The idea of dematerialization is not new. One of the early proponents was Buckminster Fuller in 1973, who introduced the concept of ‘Ephemeralization’ — doing more and more with less and less until eventually you can do everything with nothing. In a more recent example, Kurzweil hypothesised that computing power will eventually cross a critical boundary (the so-called singularity), after which dematerialised economic growth will accelerate sharply. Kurzweil argued that there is a rapidly increasing knowledge and information content in products and services, and that these are not constrained by material resources.
The problem with linking information and communications technology (ICT) with dematerialization is that it’s wrong – the reverse is true. From a macro perspective, the growth of data, the internet and computing power has coincided with growing energy and material consumption. The current debacle of bitcoin’s energy consumption reveals just how misleading the dematerialized argument is. I explored the long-run relationship between ICT and energy in Australia here. Similarly Lenzen et al’s and Alexander et al’s excellent discussions of the challenges of decoupling are relevant to the Australian context.
It is certainly true that that technologies, such as peer-to-peer energy trading, enable distributed energy to bypass traditional markets and facilitate uptake. But the assumed linking of the growth of intelligent management and emissions relies on the assumption of supply-demand synergies. It is assumed that all that is required is bringing data processing and intelligent control to the task.

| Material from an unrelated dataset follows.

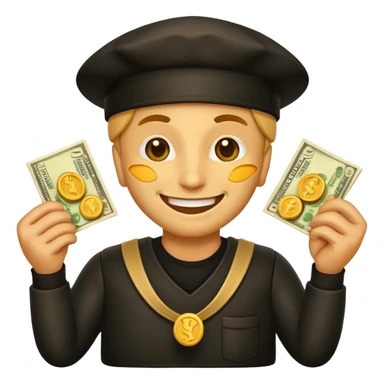 robber emoji with money cheese sticker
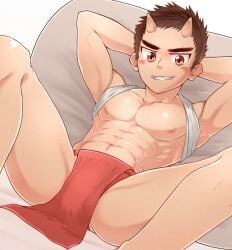 1boy abs armpits arms_up biceps big_areola big_eyes blush brown_hair bulge bulge_through_clothing clenched_teeth collarbone demon demon_boy demon_horns eight_pack etchu_fundoshi eyelashes flaccid frown fundoshi gakupoppo gay genital_outline grin hands_behind_head hi_res looking_at_viewer male male_only mature_male muscles muscular muscular_arms muscular_male navel oni oni_horns original original_character pecs pelvic_curtain pillow red_eyes red_fundoshi sharp_teeth shirt_pulled_behind_neck short_hair sitting six_pack snaggle_tooth solo spread_legs teeth_showing thick_eyebrows yaoi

The earliest example of a synergy was between inflexible overnight baseload power generation, and overnight hot water heating. Electrical resistance space heating was also available as an off-peak tariff in Australia from the 1930s. Highly flexible loads, such as pool pumps, can be usefully operated at any time of the day and therefore represent an ideal managed load. Some industrial loads can be economically demand managed at peak times. But all of these are examples of time-shifted demand. This has little impact on energy consumption or emissions except to the extent that a higher penetration of renewables is enabled. But the problem is that robust synergies between renewables and switchable loads are modest.
These are all interesting challenges, and the march of technology will continue to facilitate solutions in the energy space. But one thing is clear – ICT continues to be positively correlated with energy and material consumption.